Thursday night I submitted my complete thesis manuscript to my advisor(!), so I finally have a little bit of time to breathe—until I do my final revisions based on her commentary. The real deal is due in April, so I have a little more than a month to get it finalized, printed, and delivered in the most official of fancy-paper-hard-copy-in-a-box ways.
I remember back at the beginning of the program where thesis sounded terrifying. A 120-page minimum PLUS a 20-page critical introduction! Advice swirled from students who were ahead of me: Don’t think about your thesis in your first year! You should already know what you’re going to write about. It’s going to change, so don’t get started so soon.
And the second year where it sounded terrifying, creeping ever closer like an execution date of sorts. Who was I going to work with? What would it REALLY be about? Was that idea right or good enough? How do I even begin?
You can read any of my posts from this past school year to understand the scope and the enormity of the thesis and how much of my mind and life it occupied. It was hard getting started, facing old pieces I had set aside for a while or writing completely new ones to fit into my manuscript’s overall theme.
And finally my third year where I faced it head on and triumphed! That’s not to say it didn’t have its scary moments: times I wanted to throw the whole thing away; times I thought a piece was ready only to read it the next day I realize it’s no where near where it needed to be; wracking my brain for new pieces; false starts, stops, and pauses of avoidance. Luckily, one of my favorite procrastination methods is simply switching gears and working on a different piece. My manuscript tops out at 150 pages, which isn’t too bad in my book (pun totally and painfully intended).
I’m sure a lot of writers share this sentiment, but sometimes I really hate revision. It’s painful, exhausting, and demanding. Personally, I revise best after taking some time off from a piece (maybe a month or more), so I can forget the language that I’ve memorized by the point the first draft is complete. I’ve found it’s easier for me to look at it fresh, almost as if it was written by someone else before I dive in and give myself notes for the next draft. Sometimes this involves laying out the design of an essay in an outline-like form, sometimes it takes the form of going through printed pages with pen in hand or using the track comments feature in Word.
I’ve written a ridiculous amount of drafts for each piece I’ve included in my essay. If I had to guess, I’d say I’ve easily written/re-written around 100 pages that didn’t even make it into the manuscript.

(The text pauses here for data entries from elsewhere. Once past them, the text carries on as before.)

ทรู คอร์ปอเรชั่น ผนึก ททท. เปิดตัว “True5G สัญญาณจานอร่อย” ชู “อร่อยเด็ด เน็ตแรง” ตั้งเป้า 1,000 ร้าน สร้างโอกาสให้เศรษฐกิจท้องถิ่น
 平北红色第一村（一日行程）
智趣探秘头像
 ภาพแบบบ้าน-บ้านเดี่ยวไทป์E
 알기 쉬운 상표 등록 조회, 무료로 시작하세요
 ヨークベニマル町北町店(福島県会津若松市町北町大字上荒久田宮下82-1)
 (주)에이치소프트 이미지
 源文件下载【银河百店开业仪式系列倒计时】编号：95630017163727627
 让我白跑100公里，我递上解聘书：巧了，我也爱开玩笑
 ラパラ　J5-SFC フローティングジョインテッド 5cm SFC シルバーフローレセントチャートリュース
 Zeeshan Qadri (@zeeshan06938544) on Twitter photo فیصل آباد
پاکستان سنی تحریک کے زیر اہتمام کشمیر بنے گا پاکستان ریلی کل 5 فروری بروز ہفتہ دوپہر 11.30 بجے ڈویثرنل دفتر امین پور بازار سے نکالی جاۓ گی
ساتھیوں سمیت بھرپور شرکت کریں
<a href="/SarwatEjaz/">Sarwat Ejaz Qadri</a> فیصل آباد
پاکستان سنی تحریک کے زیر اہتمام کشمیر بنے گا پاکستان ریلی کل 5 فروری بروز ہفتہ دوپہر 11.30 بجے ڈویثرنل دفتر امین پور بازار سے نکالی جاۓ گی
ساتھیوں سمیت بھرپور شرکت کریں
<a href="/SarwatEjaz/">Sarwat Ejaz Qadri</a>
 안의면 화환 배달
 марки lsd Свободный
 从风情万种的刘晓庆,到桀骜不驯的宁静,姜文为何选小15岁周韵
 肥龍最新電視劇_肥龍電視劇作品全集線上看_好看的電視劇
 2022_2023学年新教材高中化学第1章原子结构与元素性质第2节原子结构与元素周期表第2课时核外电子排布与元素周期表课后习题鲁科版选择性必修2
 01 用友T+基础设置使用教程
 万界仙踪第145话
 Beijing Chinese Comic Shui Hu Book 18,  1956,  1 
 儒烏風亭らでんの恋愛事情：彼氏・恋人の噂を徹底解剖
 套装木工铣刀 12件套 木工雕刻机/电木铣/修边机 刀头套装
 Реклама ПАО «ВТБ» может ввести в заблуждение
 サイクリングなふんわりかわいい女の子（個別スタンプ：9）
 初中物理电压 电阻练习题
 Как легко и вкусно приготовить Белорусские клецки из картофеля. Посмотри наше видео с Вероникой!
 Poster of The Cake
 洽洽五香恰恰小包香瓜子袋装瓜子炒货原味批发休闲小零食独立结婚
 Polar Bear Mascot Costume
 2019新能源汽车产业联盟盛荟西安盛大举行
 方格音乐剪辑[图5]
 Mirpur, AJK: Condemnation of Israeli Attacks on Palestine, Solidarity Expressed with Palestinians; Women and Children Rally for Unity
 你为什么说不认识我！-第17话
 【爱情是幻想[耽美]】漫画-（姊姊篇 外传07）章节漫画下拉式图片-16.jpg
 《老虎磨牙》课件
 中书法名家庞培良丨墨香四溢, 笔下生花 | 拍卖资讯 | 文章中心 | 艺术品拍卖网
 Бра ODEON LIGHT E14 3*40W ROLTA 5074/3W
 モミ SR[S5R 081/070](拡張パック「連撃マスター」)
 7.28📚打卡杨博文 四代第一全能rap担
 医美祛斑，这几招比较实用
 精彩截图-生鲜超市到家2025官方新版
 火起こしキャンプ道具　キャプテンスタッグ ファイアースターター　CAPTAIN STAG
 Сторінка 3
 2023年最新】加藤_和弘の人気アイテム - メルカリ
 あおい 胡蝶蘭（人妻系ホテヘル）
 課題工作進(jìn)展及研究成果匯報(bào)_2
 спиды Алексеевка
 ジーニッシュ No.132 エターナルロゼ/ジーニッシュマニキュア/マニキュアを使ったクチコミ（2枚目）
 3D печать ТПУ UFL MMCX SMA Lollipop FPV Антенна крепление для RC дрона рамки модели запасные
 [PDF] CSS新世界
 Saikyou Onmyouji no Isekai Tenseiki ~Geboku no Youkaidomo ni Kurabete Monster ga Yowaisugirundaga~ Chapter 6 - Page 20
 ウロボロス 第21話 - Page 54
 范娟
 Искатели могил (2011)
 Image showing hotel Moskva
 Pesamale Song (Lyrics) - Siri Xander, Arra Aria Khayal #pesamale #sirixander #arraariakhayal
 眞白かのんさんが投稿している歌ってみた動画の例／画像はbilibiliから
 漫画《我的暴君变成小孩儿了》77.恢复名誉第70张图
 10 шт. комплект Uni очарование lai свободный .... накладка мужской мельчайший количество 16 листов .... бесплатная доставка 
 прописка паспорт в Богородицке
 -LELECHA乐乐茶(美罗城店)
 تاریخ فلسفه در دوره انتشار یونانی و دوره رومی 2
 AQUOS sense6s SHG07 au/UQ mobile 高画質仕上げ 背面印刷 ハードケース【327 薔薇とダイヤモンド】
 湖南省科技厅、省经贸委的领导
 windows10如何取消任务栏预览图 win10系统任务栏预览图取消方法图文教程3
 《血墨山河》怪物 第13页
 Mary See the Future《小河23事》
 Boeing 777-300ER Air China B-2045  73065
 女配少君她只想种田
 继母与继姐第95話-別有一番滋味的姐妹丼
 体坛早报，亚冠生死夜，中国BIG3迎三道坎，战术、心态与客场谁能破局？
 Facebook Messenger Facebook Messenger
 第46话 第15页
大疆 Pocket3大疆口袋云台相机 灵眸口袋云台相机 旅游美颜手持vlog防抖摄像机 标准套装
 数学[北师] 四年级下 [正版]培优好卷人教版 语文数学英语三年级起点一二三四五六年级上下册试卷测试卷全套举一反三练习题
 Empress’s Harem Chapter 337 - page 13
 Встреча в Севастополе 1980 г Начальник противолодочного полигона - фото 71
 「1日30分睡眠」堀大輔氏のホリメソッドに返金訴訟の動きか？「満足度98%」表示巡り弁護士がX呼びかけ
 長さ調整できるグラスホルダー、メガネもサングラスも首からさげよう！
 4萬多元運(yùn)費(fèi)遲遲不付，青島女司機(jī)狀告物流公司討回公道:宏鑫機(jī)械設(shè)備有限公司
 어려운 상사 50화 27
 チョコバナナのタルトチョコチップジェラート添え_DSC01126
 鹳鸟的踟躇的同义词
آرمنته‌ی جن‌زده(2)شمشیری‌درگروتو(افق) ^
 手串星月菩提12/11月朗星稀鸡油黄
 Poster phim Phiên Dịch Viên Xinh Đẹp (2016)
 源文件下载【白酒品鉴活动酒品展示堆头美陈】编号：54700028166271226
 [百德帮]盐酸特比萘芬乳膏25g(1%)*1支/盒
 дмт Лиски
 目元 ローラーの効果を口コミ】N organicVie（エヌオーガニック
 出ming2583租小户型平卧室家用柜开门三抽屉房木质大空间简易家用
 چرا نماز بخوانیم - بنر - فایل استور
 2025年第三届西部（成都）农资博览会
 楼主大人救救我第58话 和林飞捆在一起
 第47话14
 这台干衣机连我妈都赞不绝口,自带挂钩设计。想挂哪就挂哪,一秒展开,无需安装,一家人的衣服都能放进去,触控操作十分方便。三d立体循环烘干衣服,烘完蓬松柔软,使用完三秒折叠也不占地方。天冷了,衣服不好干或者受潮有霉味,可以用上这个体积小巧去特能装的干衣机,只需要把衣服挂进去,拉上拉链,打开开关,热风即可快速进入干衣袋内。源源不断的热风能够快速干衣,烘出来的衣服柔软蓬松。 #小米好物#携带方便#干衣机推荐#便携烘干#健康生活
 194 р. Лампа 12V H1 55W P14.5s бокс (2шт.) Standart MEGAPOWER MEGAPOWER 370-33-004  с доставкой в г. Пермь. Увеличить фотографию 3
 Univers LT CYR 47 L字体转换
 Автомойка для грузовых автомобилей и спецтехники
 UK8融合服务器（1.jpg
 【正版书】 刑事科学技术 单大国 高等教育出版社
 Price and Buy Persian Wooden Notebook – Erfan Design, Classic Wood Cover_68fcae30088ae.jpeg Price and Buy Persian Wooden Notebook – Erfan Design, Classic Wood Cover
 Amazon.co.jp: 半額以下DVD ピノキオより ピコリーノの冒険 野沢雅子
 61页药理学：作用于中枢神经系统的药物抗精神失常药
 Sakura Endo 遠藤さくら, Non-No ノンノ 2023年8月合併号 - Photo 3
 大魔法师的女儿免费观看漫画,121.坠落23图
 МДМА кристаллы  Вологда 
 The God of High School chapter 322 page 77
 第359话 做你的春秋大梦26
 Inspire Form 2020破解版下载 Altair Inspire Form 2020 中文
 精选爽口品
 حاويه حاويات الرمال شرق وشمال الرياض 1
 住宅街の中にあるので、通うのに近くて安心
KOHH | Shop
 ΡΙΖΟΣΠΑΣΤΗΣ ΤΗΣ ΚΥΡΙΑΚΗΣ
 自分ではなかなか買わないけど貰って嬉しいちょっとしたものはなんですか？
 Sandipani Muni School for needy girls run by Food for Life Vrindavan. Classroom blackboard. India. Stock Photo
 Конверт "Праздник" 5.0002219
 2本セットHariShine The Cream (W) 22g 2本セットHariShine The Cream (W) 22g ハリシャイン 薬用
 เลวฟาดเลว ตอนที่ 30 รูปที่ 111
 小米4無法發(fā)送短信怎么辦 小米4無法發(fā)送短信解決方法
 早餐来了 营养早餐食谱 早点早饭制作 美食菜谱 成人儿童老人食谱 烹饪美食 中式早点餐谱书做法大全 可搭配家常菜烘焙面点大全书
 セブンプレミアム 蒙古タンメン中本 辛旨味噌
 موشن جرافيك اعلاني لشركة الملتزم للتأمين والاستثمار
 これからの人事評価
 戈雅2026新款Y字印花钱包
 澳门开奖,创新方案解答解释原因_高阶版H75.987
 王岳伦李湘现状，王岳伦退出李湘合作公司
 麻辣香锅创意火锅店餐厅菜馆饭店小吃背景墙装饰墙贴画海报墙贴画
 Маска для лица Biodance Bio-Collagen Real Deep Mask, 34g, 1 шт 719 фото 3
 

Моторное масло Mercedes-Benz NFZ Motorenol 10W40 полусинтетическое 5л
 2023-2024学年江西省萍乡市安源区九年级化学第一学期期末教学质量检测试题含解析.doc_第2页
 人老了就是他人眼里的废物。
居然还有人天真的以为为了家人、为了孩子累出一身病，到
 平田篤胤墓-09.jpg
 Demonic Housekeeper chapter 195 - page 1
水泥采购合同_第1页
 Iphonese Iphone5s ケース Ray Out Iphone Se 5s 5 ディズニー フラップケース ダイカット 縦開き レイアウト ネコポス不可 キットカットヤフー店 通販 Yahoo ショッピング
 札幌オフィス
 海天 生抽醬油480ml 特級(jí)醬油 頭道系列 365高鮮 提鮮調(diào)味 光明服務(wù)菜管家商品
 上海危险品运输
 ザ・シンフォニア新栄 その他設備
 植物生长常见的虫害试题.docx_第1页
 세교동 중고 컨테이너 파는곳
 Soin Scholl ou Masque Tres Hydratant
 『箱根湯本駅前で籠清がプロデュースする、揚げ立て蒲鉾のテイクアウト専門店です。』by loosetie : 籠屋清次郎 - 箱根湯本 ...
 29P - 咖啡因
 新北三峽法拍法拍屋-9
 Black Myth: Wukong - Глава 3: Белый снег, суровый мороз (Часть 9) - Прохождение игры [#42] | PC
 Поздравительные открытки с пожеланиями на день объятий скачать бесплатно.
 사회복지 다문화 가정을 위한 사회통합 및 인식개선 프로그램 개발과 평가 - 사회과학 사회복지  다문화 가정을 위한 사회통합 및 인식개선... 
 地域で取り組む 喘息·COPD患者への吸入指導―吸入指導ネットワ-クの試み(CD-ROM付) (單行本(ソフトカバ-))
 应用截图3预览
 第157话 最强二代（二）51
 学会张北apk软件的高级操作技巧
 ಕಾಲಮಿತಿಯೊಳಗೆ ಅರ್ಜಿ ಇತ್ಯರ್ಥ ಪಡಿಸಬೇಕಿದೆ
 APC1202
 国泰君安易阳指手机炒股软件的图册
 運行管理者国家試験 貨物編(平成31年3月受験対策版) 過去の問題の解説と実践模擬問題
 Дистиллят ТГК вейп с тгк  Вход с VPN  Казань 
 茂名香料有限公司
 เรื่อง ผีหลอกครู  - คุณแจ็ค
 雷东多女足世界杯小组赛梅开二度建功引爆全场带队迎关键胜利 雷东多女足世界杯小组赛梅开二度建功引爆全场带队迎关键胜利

Have I mentioned revision is painful?
Though it started that way, what I noticed after a while, however, was that I was so deeply invested in these pieces (or the IDEAS of these pieces) that it got easier and easier to jump in, make changes, “kill darlings,” or even scrap entire drafts. Some pieces didn’t change much from the last time I worked on them pre-thesis. Other pieces were completely rewritten, sometimes even breaking one essay into two after figuring out what it was REALLY all about (thanks to Aviya Kushner for helping me struggle through so many drafts!).
The past few months I joked that I was pregnant with a manuscript, partly because I had gained some thesis weight (I haven’t hit the gym as much as I used to due to writing…) and because of the way I watched it change and grow and the hours I labored over it, so I guess that means I’ve given birth to a beautiful 150-page manuscript. I’m still uncertain of the name, but that can change (without a legal process and court proceedings).